## Given information
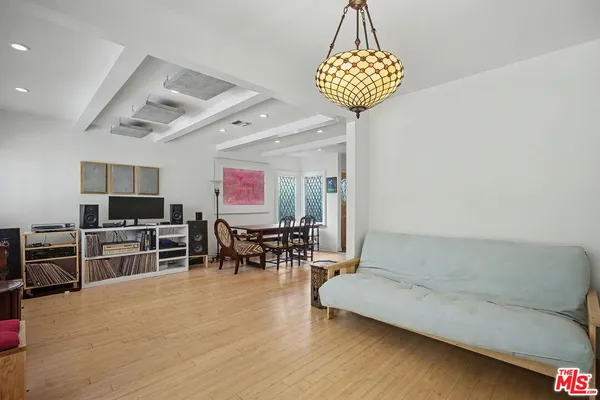 $2,350,000 | 10481 Eastborne Avenue, Los Angeles, CA 90024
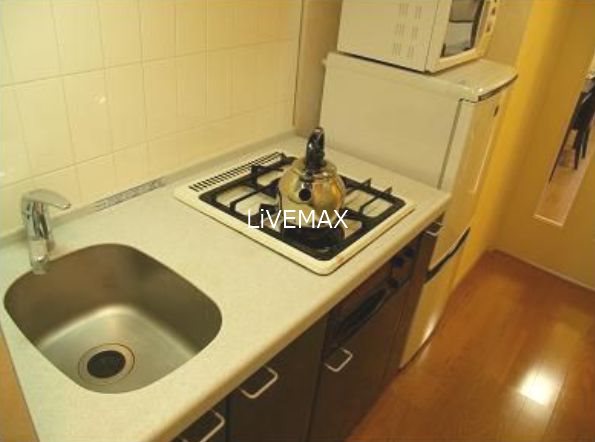 キッチン　家具家電付きセットアップ賃貸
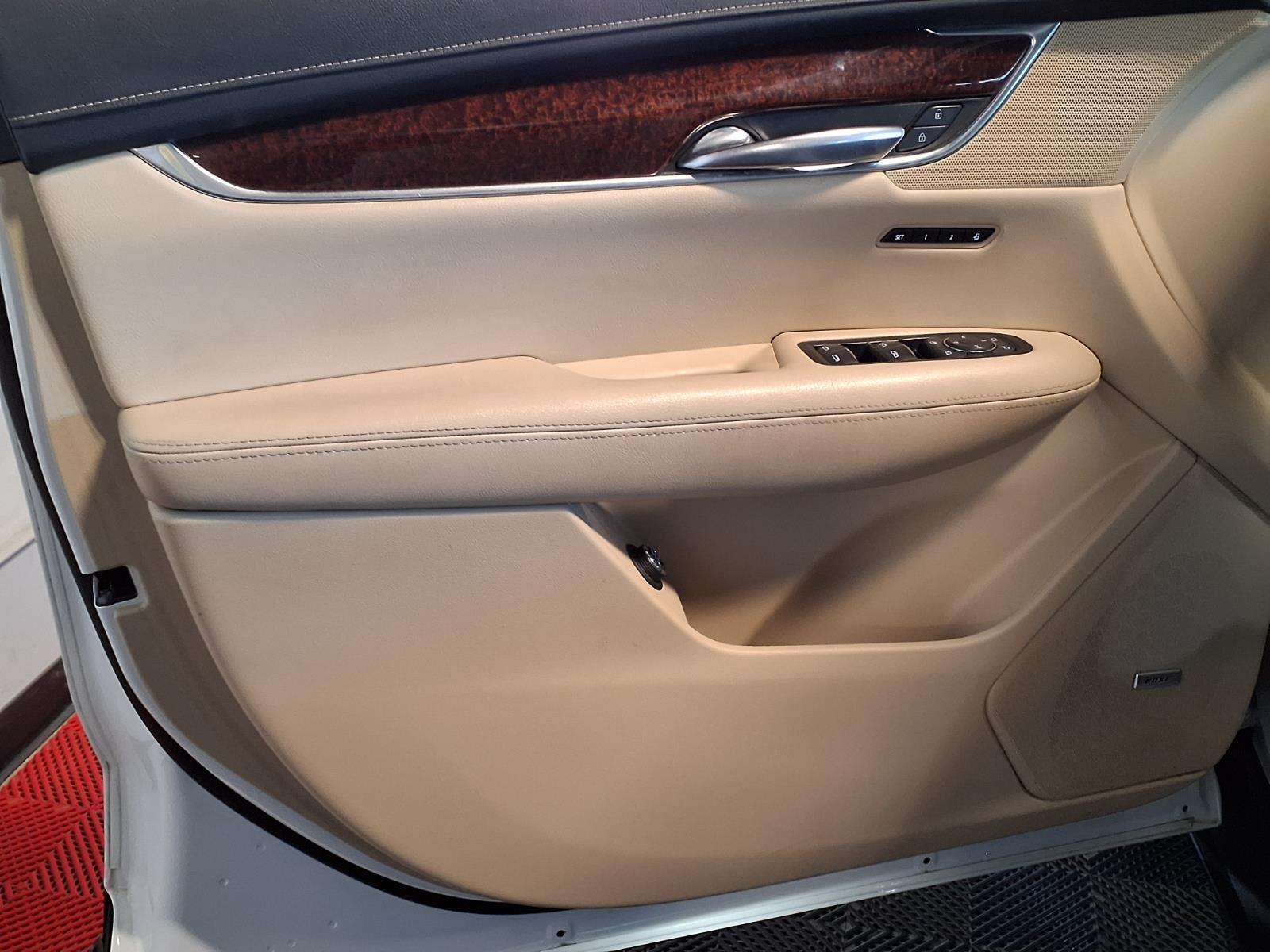2019 Cadillac XT5 Luxury AWD - Crystal White Tricoat exterior view 18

## Requirement
Would you retype every line shown above exactly, leaving the pictures aside?

## Response to the task
 $2,350,000 | 10481 Eastborne Avenue, Los Angeles, CA 90024
 キッチン　家具家電付きセットアップ賃貸
2019 Cadillac XT5 Luxury AWD - Crystal White Tricoat exterior view 18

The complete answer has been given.